Clinical evaluation of AI tools intended for older-adult care, including decision support, risk prediction, ambient documentation, and AI-assisted evidence synthesis. My work helps identify where technically promising systems may fail because of workflow mismatch, weak validation, unrealistic endpoints, or poor fit with complex older-adult populations.
Clinical evaluation of digital tools, caregiver platforms, remote monitoring systems, assistive devices, and aging-in-place technologies. My work focuses on whether products are usable for older adults, realistic for caregivers, compatible with clinical workflows, and meaningful in populations affected by frailty, cognitive impairment, sensory limitations, multimorbidity, and functional decline.
Assessment of whether studies, endpoints, eligibility criteria, and validation strategies reflect the realities of older patients: frailty, multimorbidity, cognitive impairment, polypharmacy, functional decline, and care dependence. Small design choices can determine whether a study becomes clinically useful or difficult to translate.

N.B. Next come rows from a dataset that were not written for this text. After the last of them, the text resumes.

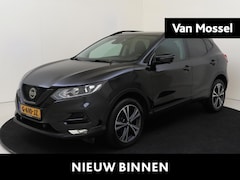 Nissan Qashqai - 1.3 DIG-T N-Connecta Black Edition | Navigatie | 360 Camera | Panoramadak |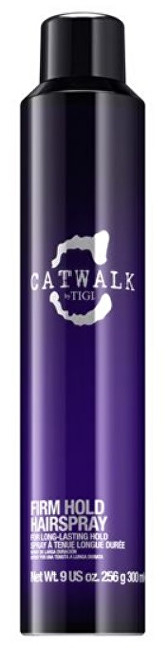 Spraj për fiksim flokësh Tigi Catwalk Your Highness 300 ml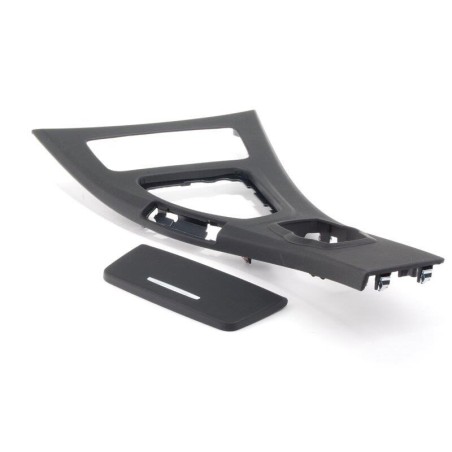 Housse de console centrale - Pièce d'origine BMW 51167903960 Housse de console centrale - Pièce d'origine BMW 51167903960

Interpretation of cognitive outcomes, blood-based biomarkers, and molecular signals in clinically complex older adults. I focus on whether biomarker strategies are not only scientifically interesting, but clinically meaningful, reproducible, and usable in real-world aging populations.
Clinical interpretation of medication burden, anticholinergic exposure, deprescribing opportunities, and drug-related functional or cognitive decline. This area is especially important when evaluating interventions, algorithms, or studies in populations where medication complexity can confound outcomes.
Evaluation of frailty, mobility, fall risk, functional status, and neuropsychiatric symptoms as clinically relevant outcomes in older adults. I focus on whether measurements capture what matters in practice: independence, vulnerability, recovery potential, and meaningful change over time.